Taylor: Part IV

Rebecca Rosenberg
3 min readAug 4, 2021

With her essay in hand, I hopped off the bed to my desk, which offered a hard horizontal surface ideal for proofreading and an unmistakably platonic message.

The Great Gatsby was written in 1925, and is a story of the American Dream-

Excellent, I thought. Taylor’s work was predictably atrocious, surely providing foolproof protection from her wiles. Even a page of this passive voice-riddled, meandering nonsense would easily consume twenty minutes. She would certainly tire of torturing me in twenty minutes.

So I got comfortable, furiously scribbling marginal notes, crossing out rogue commas, underlining obvious Wikipedia plagiarism. I attempted to ignore the sound of Taylor sliding off the bed, and slowly rolling herself over to my desk in Jennie’s chair.
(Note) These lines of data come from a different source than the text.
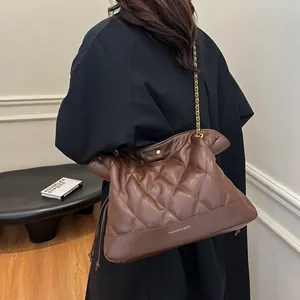 Detail of dark brown quilted chain bag with gold hardware on a model with black coat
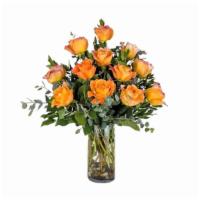 Dozen Free Spirit Roses · One dozen standard orangey-pink Free Spirit roses beautifully arranged in a clear cylinder v...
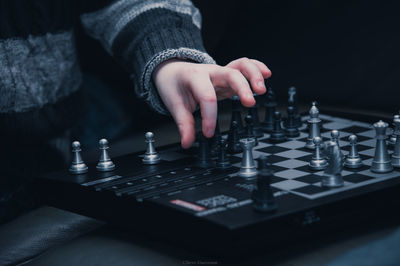 Cropped hand of child playing chess at home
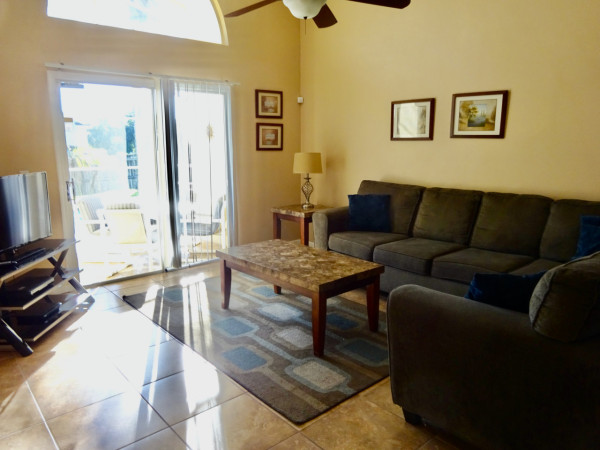 A separate bright and airy area, adjacent to the dining area, with two sofas.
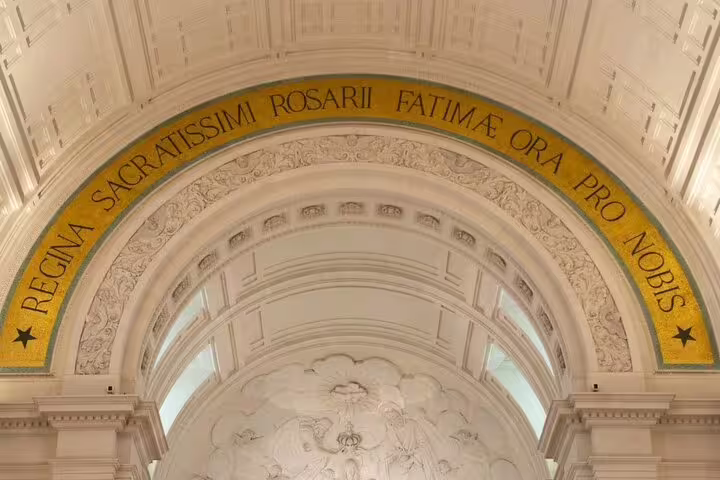 Intricate archway with Latin inscription at Fátima Sanctuary, featured on small group day trips from Lisbon for cultural exploration.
Is this supposed to be a thesis statement? I managed to scrawl beside her first paragraph, before the scent of coconut submerged me.

At that moment, I realized Taylor had moved Jennie’s chair so close to mine that our knees were touching. I carefully placed the pen down.

As a tween, I attended a Jewish sleepaway camp for a few miserable summers. Camp Wecota, a cluster of bunks near a lake in the Catskills where weary suburban parents could deposit their spoiled children for six weeks, traumatized me. Nothing in this world is more horrifying than a Jewish American Princess (JAP) in heat. Sure, I’d watched them from afar in downtown Scarsdale, curly-haired, manicured twelve-year-olds foaming at the mouth at being refused a designer handbag or a lace brassiere. But whereas my parents sent us to public school to assimilate with the gentiles (“a clean break from the Old World,” according to my mother), those girls attended Solomon Schechter, a private Jewish school. In forcing me to summer with those Hebrew hellions, my parents dropped me into a combat zone or the cusp of an orgy, depending on the day.

Alas, as much as these girls scared the shit out of me, I could not help but find them captivating. They appeared to say and do whatever they wanted, without fear of punishment. Their seemingly limitless sense of entitlement rendered the counselors completely powerless. I am sure those haggard Aussies and Brits, who believed they would find something exotic at Camp Wecota, returned home with sterling reviews of American Jewish kids.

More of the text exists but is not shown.